In the Org file, that code block might look like this:

Finally, start the server by running =ruby server.rb=:

#+header: :exports both
#+header: :results output
#+begin_src shell
  ruby server.rb
#+end_src

This example includes the command to start the server (ruby server.rb) and sets the :exports header to export both the input command and the results of running it.

However, because the server is a long-running process, exporting this document causes the exporter to hang. It’s waiting for a result from the command which never comes because the server remains open to connections until it’s quit.1

To start a long-running process and quit it after some time has passed on the command line, use the timeout utility to automatically kill the process after a predefined delay:

timeout 1 ruby server.rb; echo "Done!"
Server running on http://localhost:4567...
Done!

To translate this to an Org code block, use a :prologue and :epilogue to add the timeout without showing it in the exported file.

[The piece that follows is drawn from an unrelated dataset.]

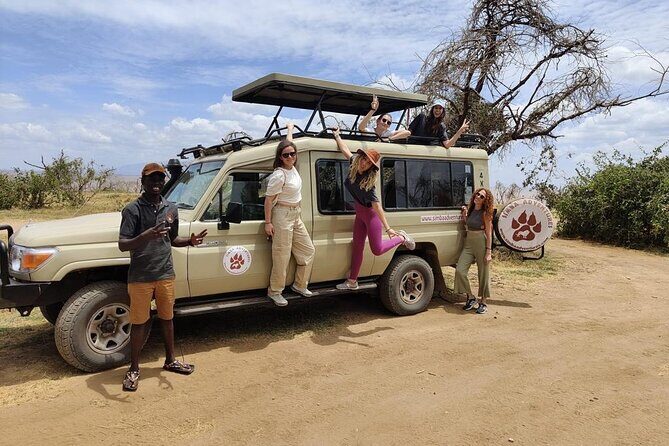 3-Days Budget Lodge Safari - Tarangire, Ngorongoro & Lake Manyara - Ngorongoro Crater: a whole world packed into one descent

The :prologue prefixes the command with the call to the timeout utility and the :epilogue appends : to the command to make sure the block returns a zero exit code:

Finally, start the server by running =ruby server.rb=:

#+header: :exports both
#+header: :results output
#+header: :prologue timeout 1
#+header: :epilogue ":"
#+begin_src shell
  ruby server.rb
#+end_src

Exporting this example starts the server, then waits for a second before quitting the process. Then, both the input block—which shows the command to start the server—and the output block—showing the server’s output—are exported to the HTML document:

ruby server.rb
Server running on http://localhost:4567...


1

To stop a stuck foreground process in Emacs (like the exporter that accidentally called a slow or continuous program), run C-g to send an exit signal to the code that’s being executed.